Теперь: в любых переговорах у вас должны быть некоторые резервы. То есть вы должны выкатить первоначально такие требования, которые в ходе переговоров можете разменять на какие-то требования противоположной стороны. Ну вот, в частности, требование убрать всю инфраструктуру НАТО, которая после 1997 года была создана на восточном направлении, – я думаю, это как раз потенциальная уступка России. Там из всей инфраструктуры, наверное, беспокоят…
Баунов. ПРО.
Тренин. …пусковые установки противоракетной обороны. Вот, пожалуй. Там могут быть какие-то еще, но вот… далеко не всё. А вот уж размещение американской бригады в Польше или батальонов в Прибалтике – это, в общем-то, на безопасность России не влияет практически никак. Так что вот примерно такая ситуация.
Чем всё это закончится, смогут ли Соединенные Штаты предложить России нечто такое, что будет сочтено в Кремле в качестве достойных тем для переговоров и потенциально соглашения, с тем чтобы явно непроходные вещи остались бы зафиксированными в российской позиции, но они будут оставлены на будущее. Ведь жизнь не закончится после того, как какое-то соглашение будет заключено по Европе. Тем более, как мы с вами только что решили, шанс на то, что Украина станет членом НАТО, – нулевой, на всю обозримую перспективу. То есть вот при жизни, я думаю, нынешних поколений российских ведущих политиков этого не случится. Что касается поставок вооружений на Украину, то даже сейчас они, в общем-то, осуществляются, скажем так, на определенном уровне, чтобы не спровоцировать Россию на серьезные действия со своей стороны. Поэтому какое-то соглашение о взаимной сдержанности или какая-то договоренность о взаимной сдержанности в рамках какого-то соглашения по контролю над вооружениями, по мерам доверия – всё это тоже возможно.

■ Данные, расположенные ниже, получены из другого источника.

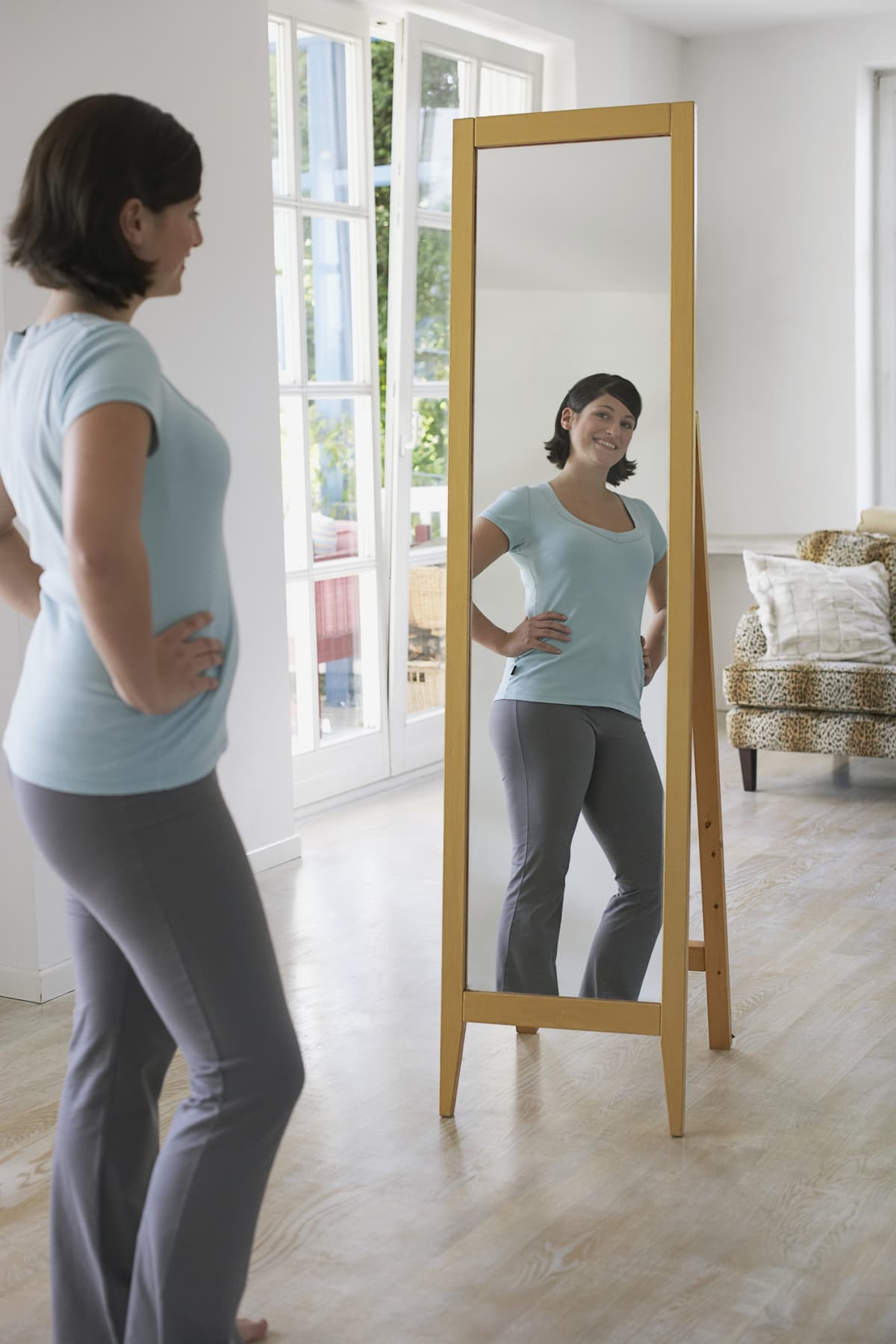 Woman looking at her reflection in a full body mirror with her hands on her hips and smiling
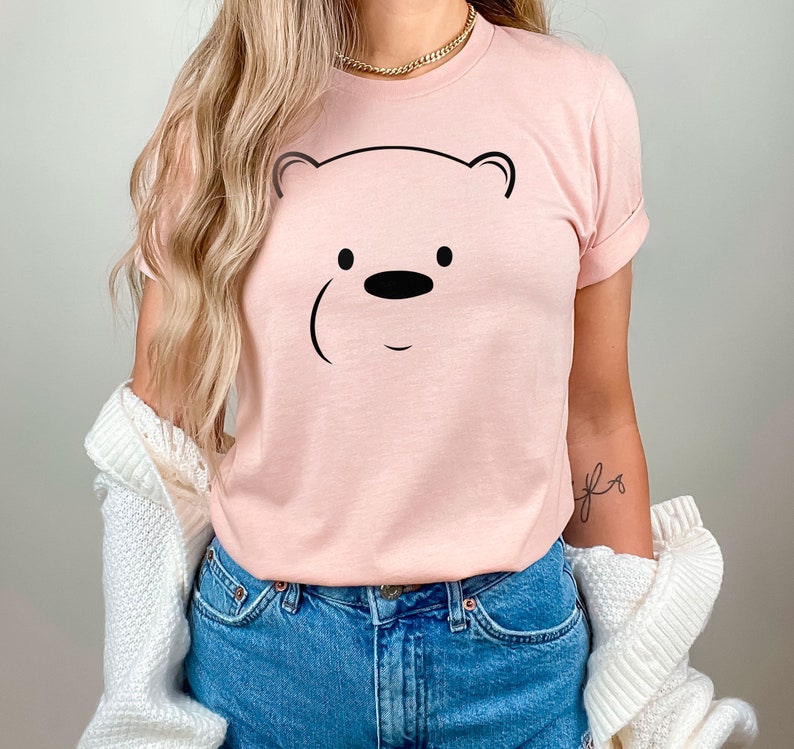 May include: A pink t-shirt with a black outline of a bear's face. The bear has a small black nose and two black eyes.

И это будет, в общем-то, улучшение стратегического положения России по сравнению с ситуацией на конец 2021 года.
Баунов. Да. Но вот Россия, заговорив новым языком, в особенно уверенной тональности, привлекла внимание к своим требованиям, она заставила начать разговор по своим требованиям. То есть мы как бы вроде бы считаем, что этот разговор может закончиться ничем. В случае если он закончится ничем или закончится чем-то неприемлемым для России, потому что если… как бы повышенные тона и высокие ставки – это еще и рискованные ставки. Ты не можешь попросить очень много и получить очень мало. Ты не можешь запросить, подкрепив свои требования силой, и вести вот с тем же напором и с той же интенсивностью требований и на тех же повышенных тонах разговор очень долго. Именно это отчасти объясняет, почему Россия настаивает на быстром темпе, на скорых ответах, – просто потому, что ну вот такой разговор не может продолжаться долго. Угроза применения силы воспринимается всерьез на короткой дистанции, на длинной она… ну начинает девальвироваться, скажем так.
Тренин. Ну правильно. Это верно, но…
Баунов. Да, если Россия не получает того, чего она хочет, в короткий срок, как она будет действовать?
Тренин. Ну мы, во-первых, не очень представляем себе, что, собственно говоря, лежит в расчете России, да?
Баунов. Это правда.
Тренин. То есть на что Россия реально рассчитывает, да? Вот мое впечатление (но это только мое впечатление, да?), что что-то Россия – что-то позитивное, что-то ценное для себя – Россия может получить от Соединенных Штатов на этом этапе, и это будет не полная дипломатическая победа, но существенное укрепление российских позиций в Европе. И в этом случае люди скажут: хорошо, ну вот, видите ли, американцы понимают только язык силы – значит, этот язык сработал. Раньше Россия протестовала, раньше она жаловалась, как вы говорите, – это время прошло. Она сейчас использует асимметричное положение свое по отношению к Украине по сравнению с положением Соединенных Штатов и делает это с выгодой для себя. Да, явно непроходные вещи, они были заявлены, но они не были реализованы, потому что они не могли быть реализованы, но кое-какие вещи были реализованы – значит, это победа. Это не полная победа над американской «гегемонией» в кавычках, но это существенное улучшение положения России. Я думаю, что вот на высокой ноте петь бесконечно невозможно и не нужно, но за этим, скажем… за этим эпизодом могут последовать другие эпизоды.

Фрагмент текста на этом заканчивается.